Admin is also a task to solidly add into your division of labour when the kids arrive. Adoption admin tends to run into childcare admin, and I'm telling you now, it can be an absolute ballache. Some people don't find it so, but because we wanted all the gory details, to tie up as many knots as we could, we went though everything together.
If your husband finds it hard, maybe you could chat about ways to help him manage this? For example, we tabled topics we knew would need discussion for long car journeys. In fact, we once deliberately picked up bikes from the coast so that we had a reason to take 4 hours in the car to discuss the kids cprs and decide on an approach. She also reads out important emails out loud to me in the evening. We each use our family calendar religiously to set follow up reminders so that we are both responsible for that. We divide any research on topics (for example what baby monitor to use vs what nursery we wanted) and do them both for a set time period so that it feels fair.
Also, if you do all the admin, you arrange stuff to suit you, not him. So meetings and phone calls naturally get arranged on your time not his, and it snowballs easily.

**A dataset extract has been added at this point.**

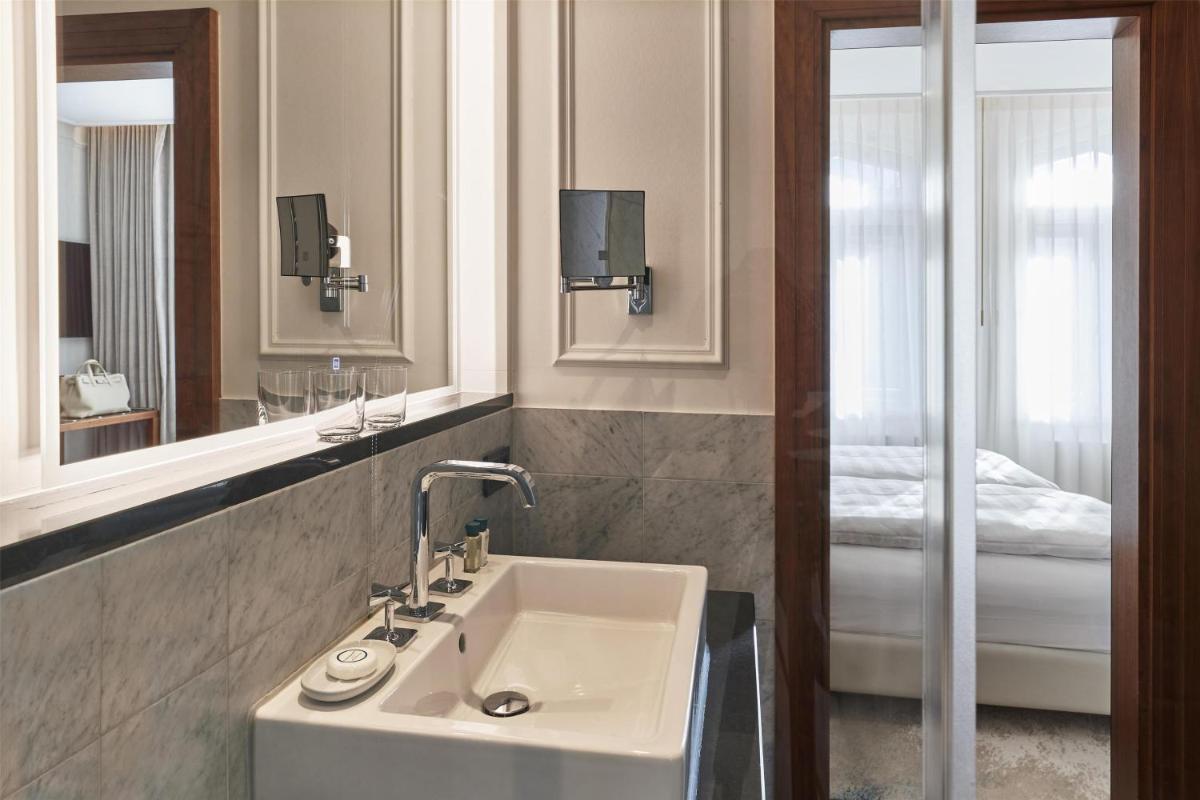 Vier Jahreszeiten Kempinski München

Extrapolate that to thatband the kids stuff as well and suddenly he is palying golf on a Saturday and you can't see friends because you are taking the kids to their football tournament.
Ultimately you have to be willing to have a very real conversation about what this will look like. Don't get sucked into the "because I'm at home I will just...." because that does a disservice to the work you are putting into caring for a child and also potentially setting poor role modelling up for any children. Although we are a same sex partnership, it would be easy for us to fall into relatively stereotypical gender norms or dynamics, and we are keen that our boys don't learn that whoever is at home somehow is responsible for knowing when everyone's dentist appointment is!
Also to consider is what does adoption admin involve? Because for us it is contact with social workers, texting the foster carers, filling in DLA forms, exercise logs, forms for swimming lessons, phoencalls with the gp, being on hold with the car insurance people whilst you try to explain adoption process them, posting court paperwork, adoption allowance forms, all of which require cross referencing dates with previous forms and emails, submitting expense forms, filing for birth certificates, meeting head teachers, researching schools, special schools, trauma informed pratice... the list is endless.
Also, don't underestimate how things you think you have sorted out in your relationship become real bones of contention when you are on your knees with tiredness and your child just won't stop screaming because they don't want cheese on their cheese and tomato pizza and your partner doesn't put his mug in the dishwasher again. We have cried over less!
Anyway, we have thought a lot about this, hopefully some of the thoughts above will prompt some conversations, even if you just think we are both just a bit OTT and don't need to do any of this stuff at all!